The AEMO chief said the answer lies in technologies like battery storage and common sense solutions such as demand management and, most importantly, a new set of market rules. In a damning statement, she said: “What we need is to think how to get these opportunities into the market. We are operating 20th Century power system trying to keep pace with 21st Century change,” Zibelman said.
In its submission to the parliamentary inquiry into a modern electricity system, AEMO said that Australia’s regulatory framework was stuck in the past and not sufficiently forward-looking to meet the needs of the “paradigm shifts” the National Electricity Market was undergoing.
Battery storage, demand management must be embraced and developed
In particular, AEMO and ARENA want rule changes that can encourage battery storage and demand management, and that will address the over-investment in poles, wires and generators that are responsible for Australia now having some of the highest electricity prices in the western world.
The AEMC, however, has been sitting on both these proposals. The request for demand management incentives made way back in 2012 have stalled, and it is still considering a request for a change to a 5-minute settlement rule, which would encourage battery storage, nearly two years after it was originally made.
The AEMC, appearing at the same inquiry, conceded there had been delays because of the “complexity” of the issues, but said the biggest problem was the lack of clarity over emissions targets.
Zibelman said answers to questions about emissions would be helpful, but urged players to concentrate on the pressing issues at hand, saying: “There are other things we need to start talking about.”
Plethora of new ideas need to be turned into tangible energy projects
She cited the push by South Australia and Victoria into battery storage, but also noted that “lots of innovators” were coming to AEMO with new ideas.

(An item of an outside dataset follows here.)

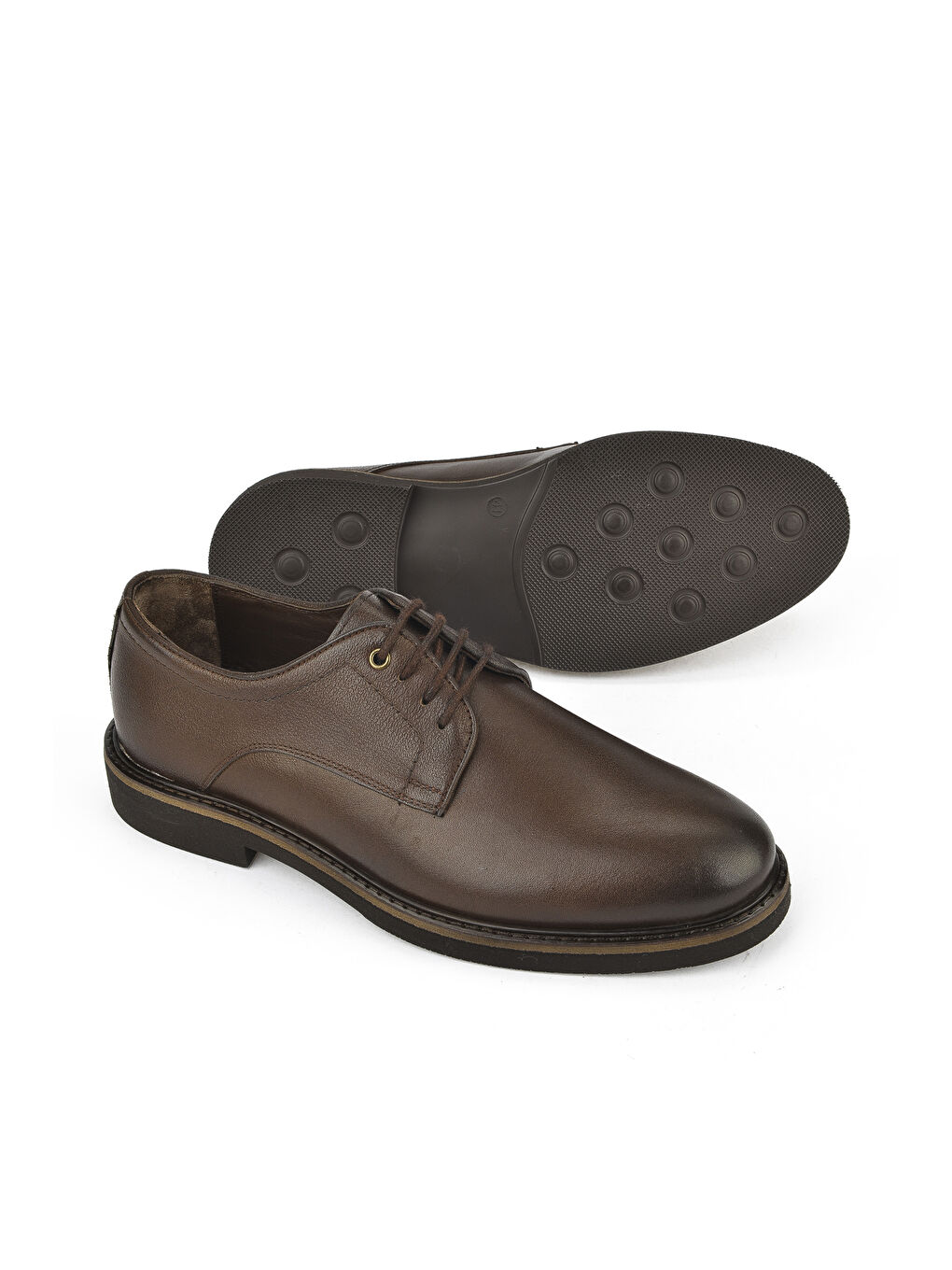 Kahverengi Erkek Hakiki Deri Ayakkabı 1511025Z2027 Kahve-3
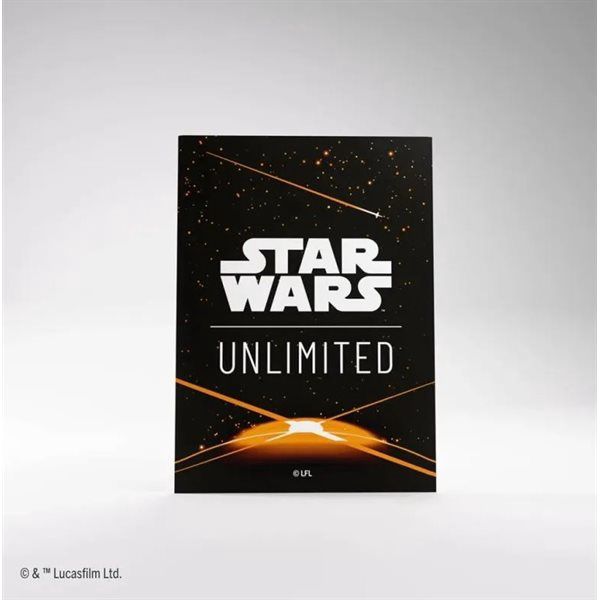 Sleeves: Star Wars: Unlimited: Art Sleeves: Card Back Orange (60)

“What we need is to think how to get these opportunities into the market. We are operating 20th Century power system trying to keep pace with 21st Century change,” Zibelman said. “The question for us is – given that rate of change, of customer preference and customer security – what changes need to be made, and have to be made?”
She cited demand management, where new market incentives could allow consumers to be paid $50/MWh to not use power at certain times, rather than having to pay $10,000/MWh when supply is tight.
AEMO and ARENA, frustrated by the snail’s pace of AEMC rule-making, last week launched their own pilot scheme to install 100MW of energy in Victoria and South Australia by this summer, “to show it can be done”.
Energy generators only operating at an average of 50% of total capacity
Zibelman says Australia’s energy market structure meant that on average the power stations that supply the grid were operating at only around 50% capacity. That’s because so much extra capacity – mostly gas and diesel plants – had to be built historically to meet several hours of peak demand each year. In other words, they were built to fill the gap, meaning that they could sit on their hands for most of the trading year and then just fire up when demand peaks.
They basically “sat around waiting for a hot day” and then tried to recoup a year’s worth of revenue in just a few hours of generation. Because demand is high, the power plants could then charge astronomical prices.
“It’s like building a hotel and deciding you are only going to fill it on Anzac Day,” Zibelman told the inquiry. “You probably won’t build it. We should be creating a market that is more efficient, so we don’t need to have new generators that have to get one year’s revenue in 10 hours.”
“That’s what we’re talking about when we say we should be rethinking the grid and making it more efficient. You need to work out how to build a grid that doesn’t have to build resources for few hours a year, which tends to be very expensive.”
Four key changes to energy sector needed – ARENA Chief tells parliament
ARENA boss Ivor Frischknecht said rule changes are needed in four key areas in the energy sector.
- One was a shorter settlement period – to the 5 minute period now being considered. “Even shorter would be better,” he said.
- Another was changing rules that do not penalise storage and drainage of renewable sources, the full cost of which is then passed on to the network. An example is a large-scale solar plant charging and then discharging batteries and then taking payment for doing so. He said transmission and distribution costs needed to be “truly cost reflective” rather than being “smeared” across the sector.
- The third was on demand management initiatives such as demand response. “There is inadequate regulation.”
- The fourth was on inertia in the market, normally delivered “free” by turbines (coal, gas or hydro), but which now needed a market signal to encourage wind and solar farms to deliver the same service.
Frischknecht estimated that the total back-up costs for a high renewable energy grid – which he said was clearly achievable – would be between $20/MWh and $40/MWh.